Earlier today Salesforce.com experienced a downtime incident. Specifically na19 and na20, which serve the greater Boston area were down most of the morning. As with most public IT problems there was considerable reaction on Twitter and other social media. This is completely understandable as downtime incidents are a considerable inconvenience to subscribers. Further, given the breadth of Salesforce.com, the number of companies affected the natural outlet is to react on social media. At the time of this writing, the cause of the problem was unknown so it may premature to blame Salesforce.com. There are a lot of things that can cause this type of downtime. The bigger issue is, what does this mean for the availability of the cloud and should companies worry as more and more of their IT infrastructure is going to be deployed in an “off-premises”?
There are two main problems in evaluating the relatively reliability of different IT solutions. The first is fear of things people feel they do not control. People, in generally, tend to have less fear for things that they feel they have control over.
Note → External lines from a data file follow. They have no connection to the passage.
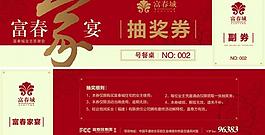 獎券圖片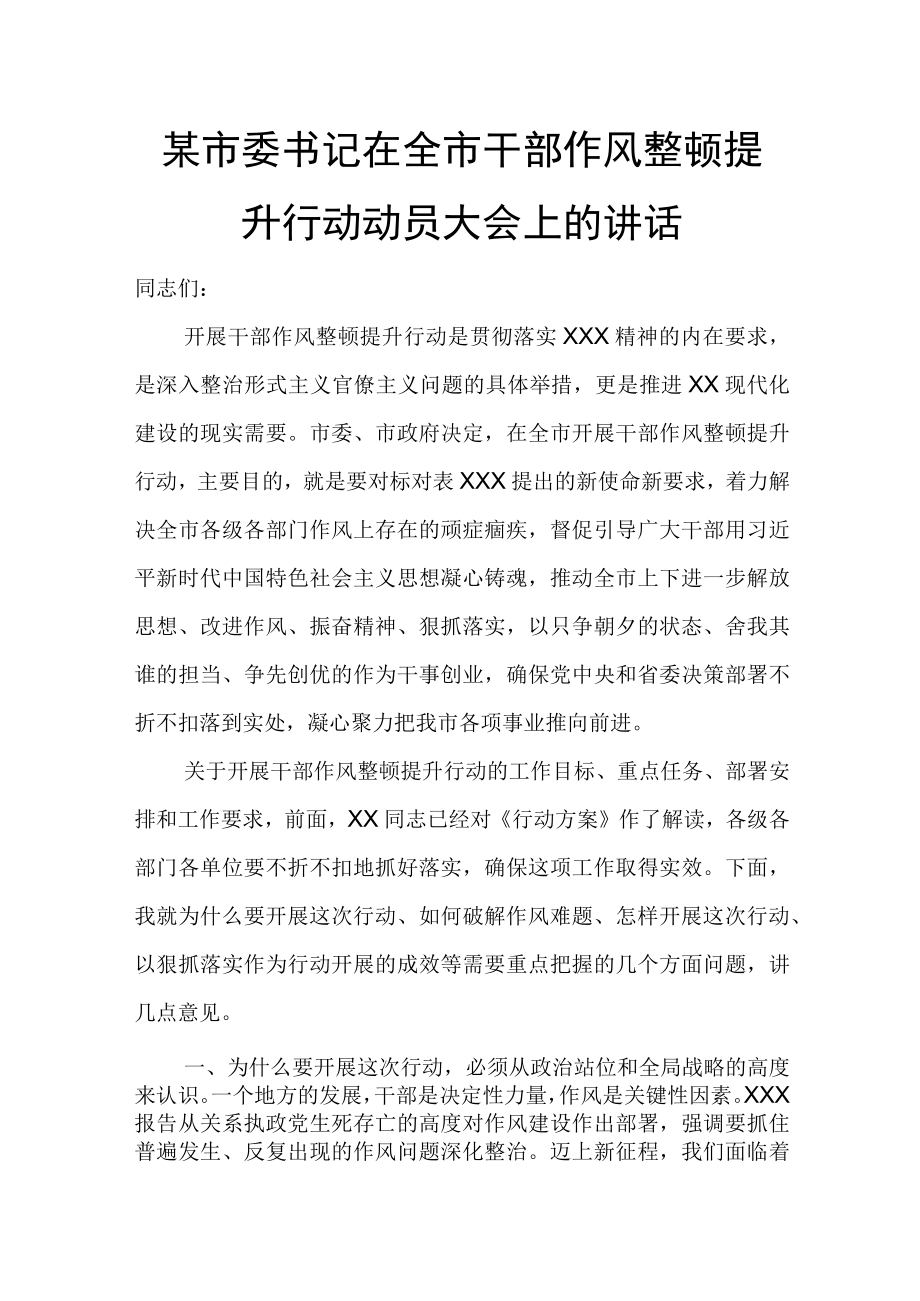 某市委书记在全市干部作风整顿提升行动动员大会上的讲话.docx_第1页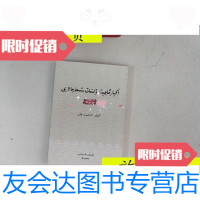 [二手9成新]艾克拜尔米吉提作品集(6)(哈萨克文版)/艾克拜尔米吉提编? 9787126788765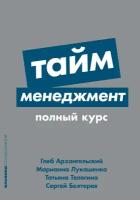 Архангельский Г. А., Лукашенко М. А., Телегина Т. В., Бехтерев С. В. "Тайм-менеджмент: Полный курс"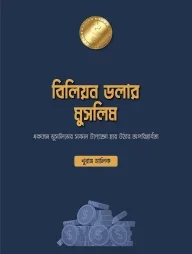 বিলিয়ন ডলার মুসলিম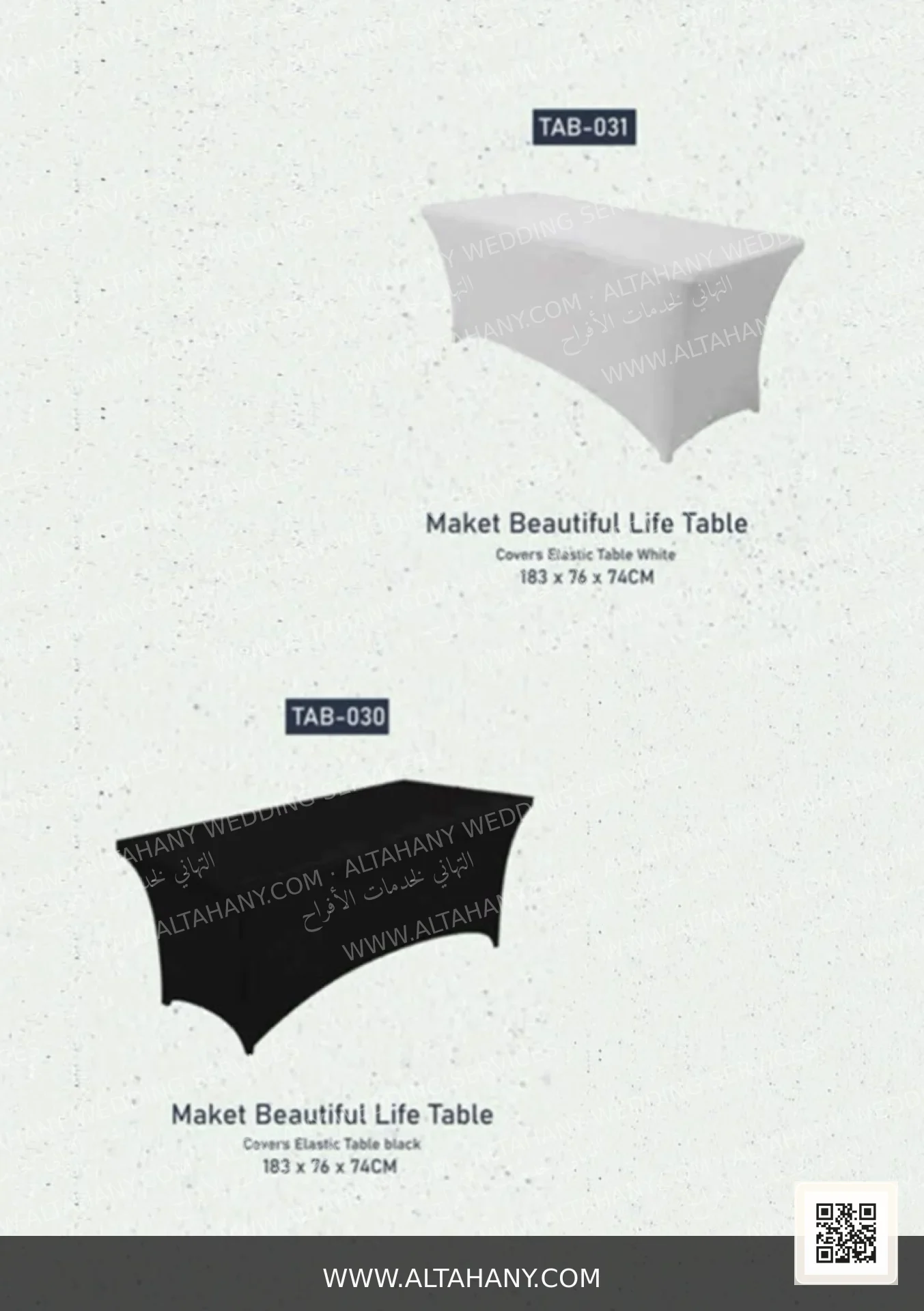 تصميم من التهاني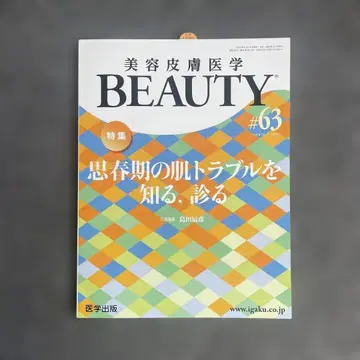 미용 피부 의학 BEAUTY #63 사춘기 피부 트러블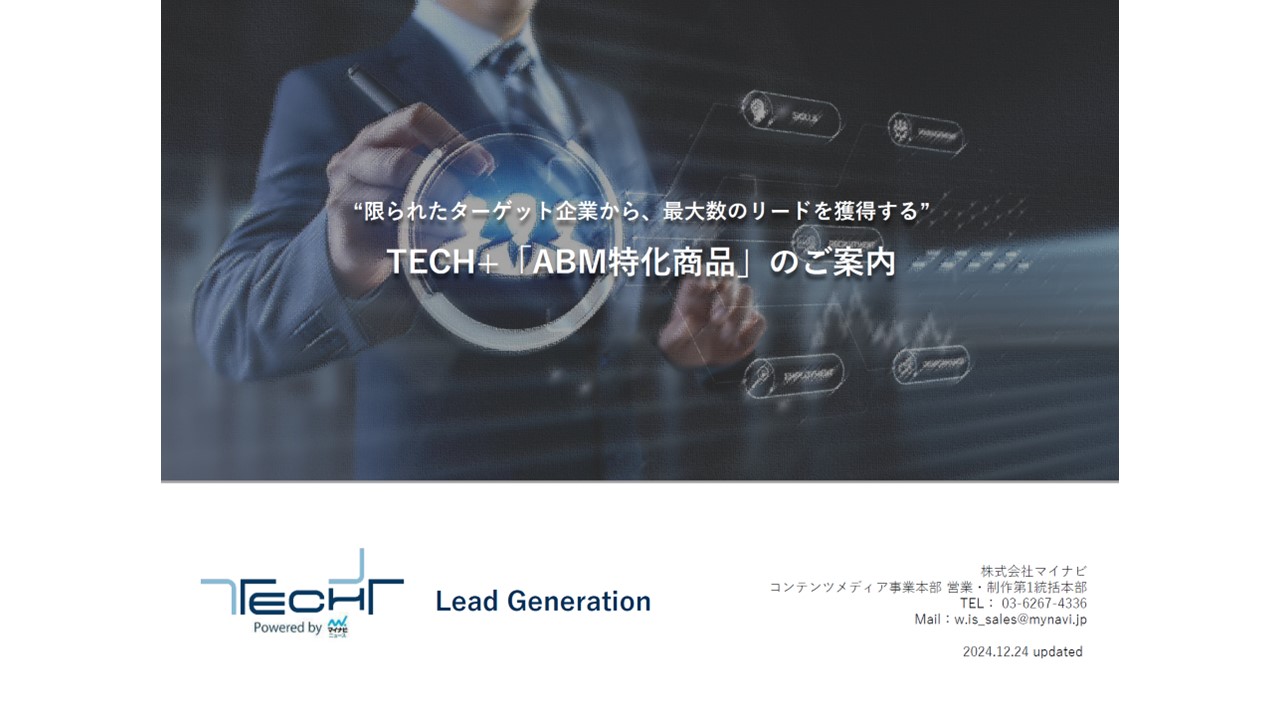 ターゲット企業が少ないのに次々リードが獲れる施策とは（TECH+） | エンプレス（enpreth）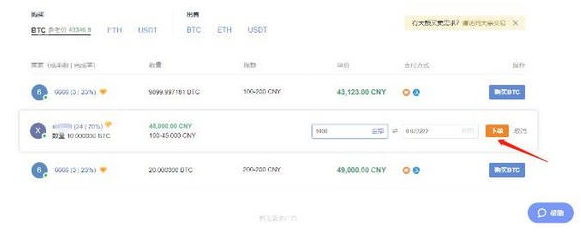 火币平台上如何购入比特币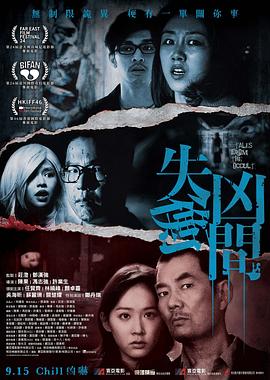 电影：失衡凶间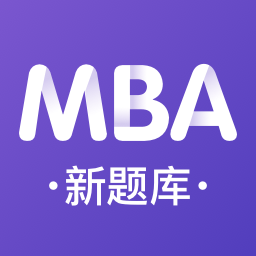 mba新题库手机版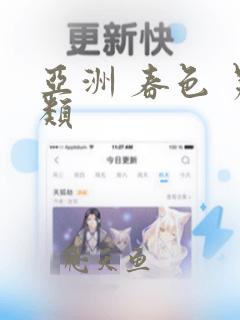 亚洲 春色 另类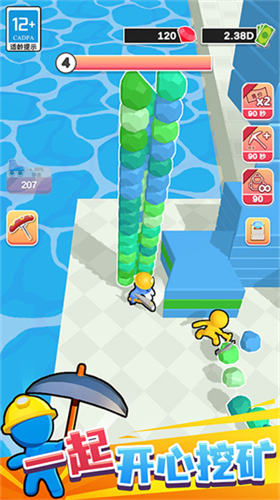 u6316u77ffu6210u9996u5bccu65e0u9650u91d1u5e01u7248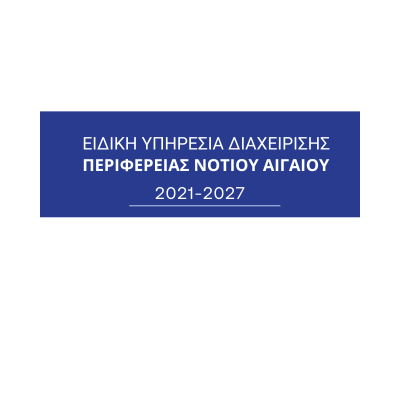 https://www.espaexperts.gr/wp-content/uploads/2024/10/1234new.png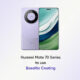 Huawei Mate 70 series basaltic coating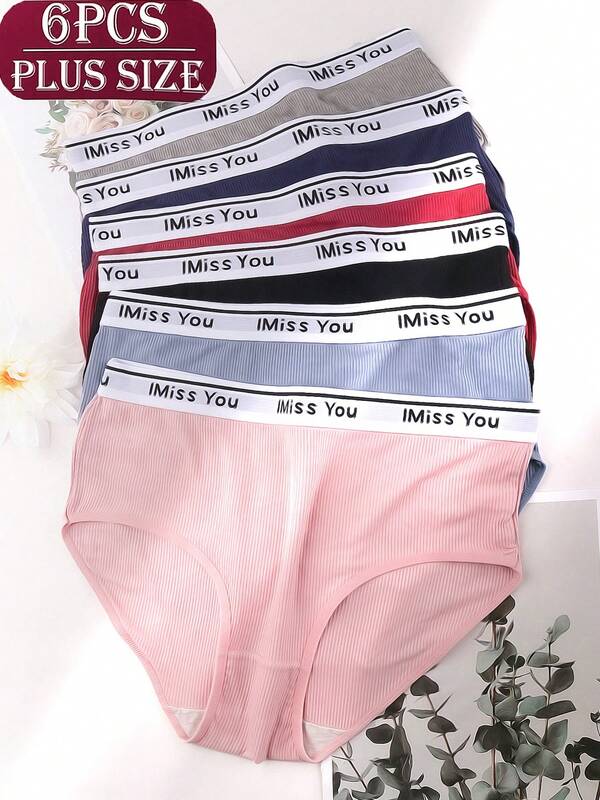 Conjunto de ropa interior acanalada sin costuras para mujer, talla grande, cómoda, transpirable, holgada, para uso diario, para otoño e invierno.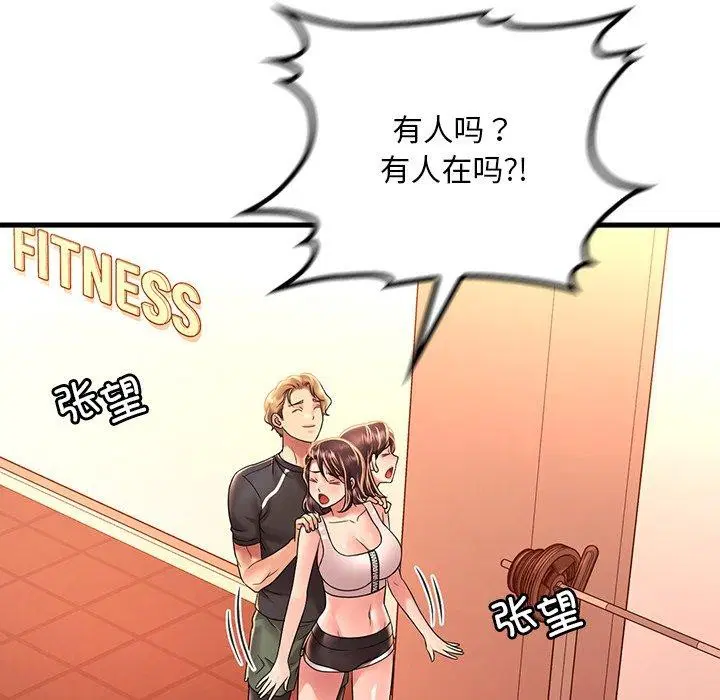 第132話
This explains why in general more people are afraid to fly than to drive, when statistics indicate that flying is much safer than driving. The problem is, unless you are the pilot, then you are not in control of the plane. This also explains why people are skeptical of self-driving cars. The second problem is the magnitude of publicity when there is a problem. When Salesforce.com crashes, there is significant discussion on Twitter and other social media sites. It is a very public incident. However, most internal IT problems, with the exception of security breaches, do not get covered by the or on Twitter. These two factors can lead to the perception that the cloud or off-premises computing is less reliable than traditional on-premises computing.
But perception is not always reality. Companies that are considering moving to the cloud need to rely not on the perception of the reliability or lack thereof for a cloud solution. They need to investigate the actual data regarding on-premises and off-premises downtime. Additionally, companies need to determine the actual costs of downtime. IT tends to have too many systems that are classified as “mission critical”. So these systems are designed and built for “five 9’s” of reliability, often at considerable cost to the company. Further most organizations view these systems as so important that they could not even consider moving them to a cloud deployment. In reality, a more prudent financial approach would be to tolerate some downtime and lower costs for many systems. Additionally, mission critical systems can be moved to the cloud as long as a robust backup plan is in place to address downtime.
So in evaluating which systems to move to the cloud and which to keep on-premises, do not be ruled by fear. Keep in mind that cloud is not materially different from other things that are already not controlled directly by the IT department. Most companies have a third party that hosts their datacenter. Email has moved to the cloud, and with O365 even the basic office productivity tools are moving outside the direct control of IT. The decision to move a workload outside of the data center should be made based on the finances, the needs of the workload, and the service level required. By going through this analysis, companies will be in a better position to optimize their IT operations.